Mechanical reproduction of art changes the reaction of the masses toward art. The reactionary attitude toward a Picasso painting changes into the progressive reaction toward a Chaplin movie. The progressive reaction is characterized by the direct, intimate fusion of visual and emotional enjoyment with the orientation of the expert.

He was right. And that is why we keep going back to him. We also come back because his thesis includes some head-spinning stuff. Benjamin argued that reproduction shatters aura, but he also claimed that reproduction facilitates its return. Ramping up the complexity, he suggested that this return provides a different type of aura. Benjamin’s essay is focused primarily on film production. He noted that:

The film responds to the shriveling of the aura with an artificial build-up of the ‘personality’ outside the studio. The cult of the movie star, fostered by the money of the film industry, preserves not the unique aura of the person but the ‘spell of the personality’, the phony spell of a commodity.

This is the only time in the Work of Art essay that Benjamin discusses commodification in pejorative terms. Mass manufacture is liberating; mass promotion is not. It bewitches us.
These processes happen in music too. Records make music ordinary: they render expensive productions cheap and these productions become part of our everyday lives. The music industries want records to be un-ordinary. They want us to fetishise recordings so that we feel the need to own them (or at least this was the record business model in pre-digital times). They do so through their star-making machinery. They promote their performers because they want us to become invested in them.
Benjamin saw this much, but he was less alert to the fact that fans re-create aura too. His essay is centred on the idea that mass manufacture ‘reproduces’ original works of art. With recorded music, however, this soon ceased to be the case. As Sarah Thornton noted:

Initially, records transcribed, reproduced, copied, represented, derived from and sounded like performances. But, as the composition of popular music increasingly took place in the studio rather than, say, off stage, records came to carry sounds and musics that neither originated in nor referred to actual performances … Accordingly, the record shifted from being a secondary or derivative form to a primary, original one.

As a result, records ‘accrued their own authenticities’. Thornton claimed that:

Recording technologies did not, therefore, corrode or demystify ‘aura’ as much as disperse and re-locate it. Degrees of aura came to be attributed to new, exclusive and rare records. In becoming the source of sounds, records underwent the mystification usually reserved for unique art objects.

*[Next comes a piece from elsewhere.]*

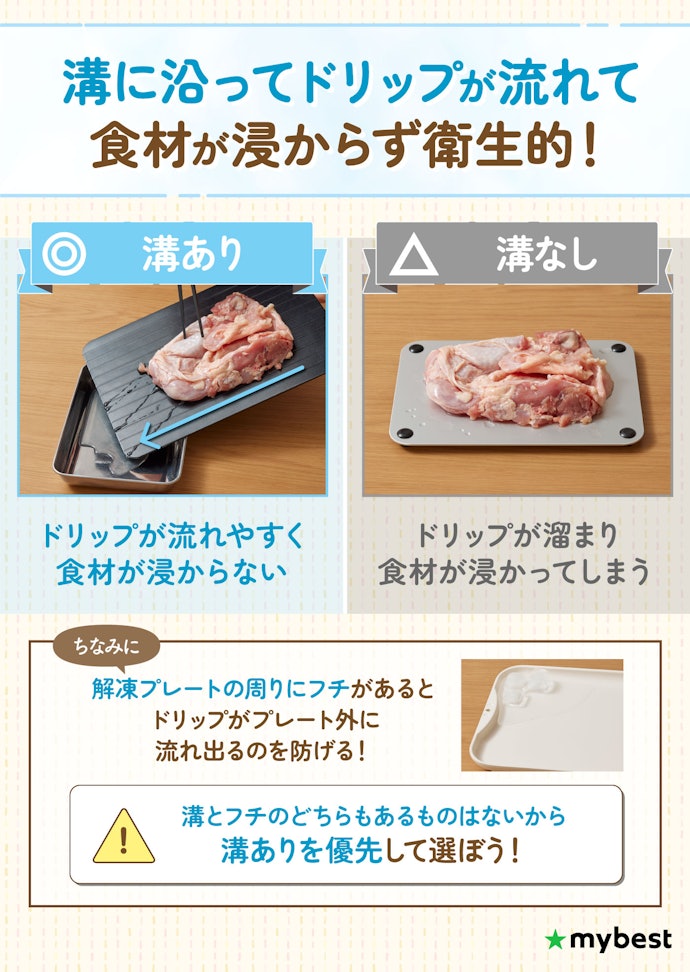 解凍した際のドリップや水分の処理を簡単にするなら、溝ありがおすすめ!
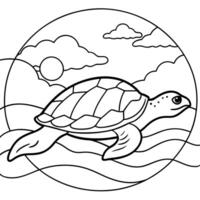 Sea turtle coloring pages. sea green turtle on white background. Curve lines. Page of coloring book. vector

Although record companies eventually cottoned on to this practice, it was audiences who undertook this attribution first. They developed the art of record collecting.
A record embodies two creations: there is the creation of the sound recording and there is the creation of the product that houses the sound recording. Sound recording became ‘primary’ rather than ‘derivative’ and this is what prompted fans to restore aura. It was, however, the product that enabled this restoration to take place. The restoration of aura is therefore diffuse. It comes back via the worship of stars and via the worship of objects.
The restoration is also incomplete. A fan might be in awe of a star, but that aura is accumulated in the fan’s ‘particular situation’ – it is developed through the purchase of reproductions that are played in the fan’s own home. When a fan plays the record of a star they can indulge in a private fantasy of engagement; they do not have to suffer a public display of power. And when a fan attributes aura to a record they are not under a phony spell: they are restoring aura on their own terms. It takes the ‘orientation of the expert’ to develop a knowledge about record collecting. There is creativity rather than passivity in what is going on here. The shattered aura is re-assembled, but this building process results in something that is new.